** Supplied data **
▬▬▬▬▬▬
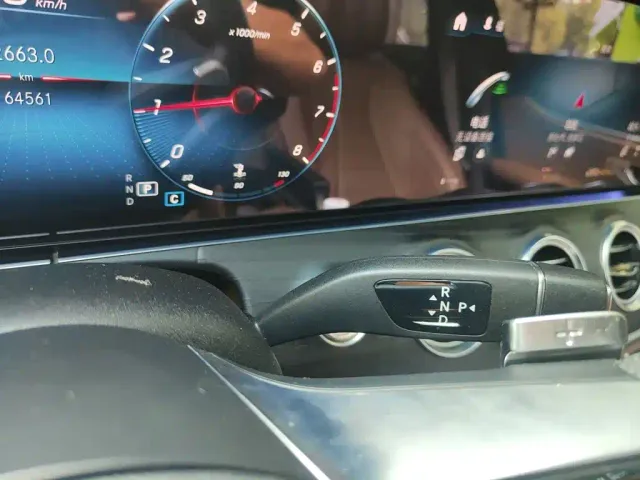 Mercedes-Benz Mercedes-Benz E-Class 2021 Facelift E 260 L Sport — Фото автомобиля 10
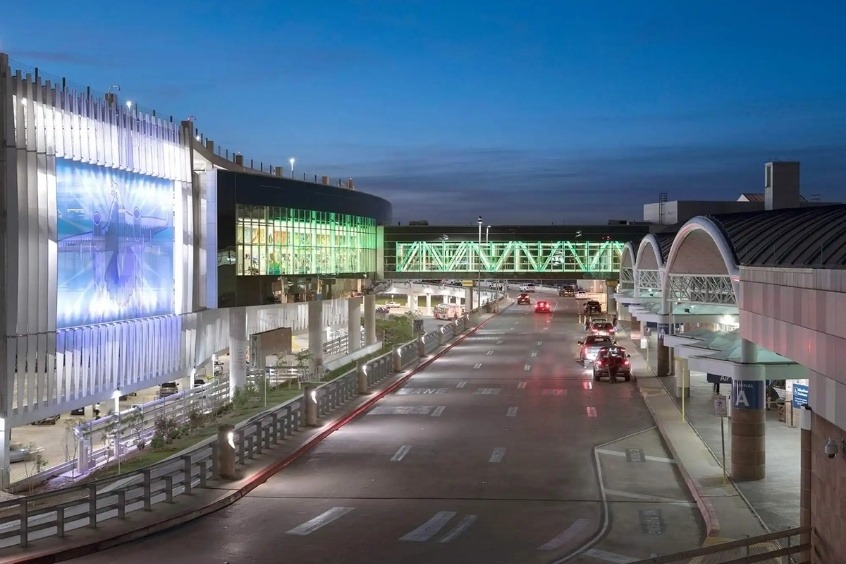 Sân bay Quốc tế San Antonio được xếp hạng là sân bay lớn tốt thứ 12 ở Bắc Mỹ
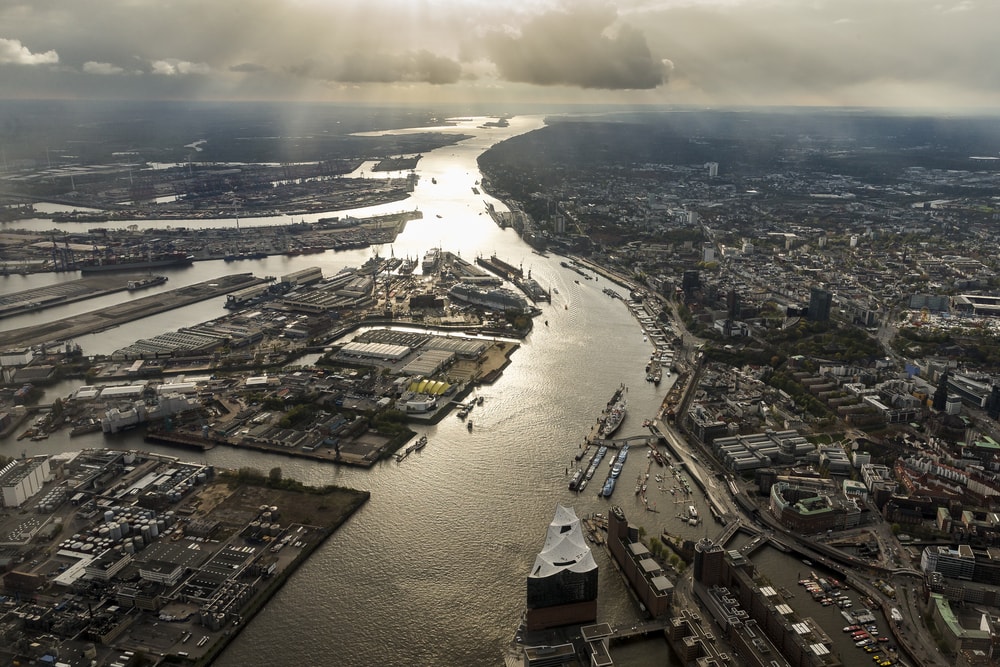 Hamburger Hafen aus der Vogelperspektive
▬▬▬▬▬▬
** The problem **
Repeat the data exactly, excluding the pictures.

** Your response **
 Mercedes-Benz Mercedes-Benz E-Class 2021 Facelift E 260 L Sport — Фото автомобиля 10
 Sân bay Quốc tế San Antonio được xếp hạng là sân bay lớn tốt thứ 12 ở Bắc Mỹ
 Hamburger Hafen aus der Vogelperspektive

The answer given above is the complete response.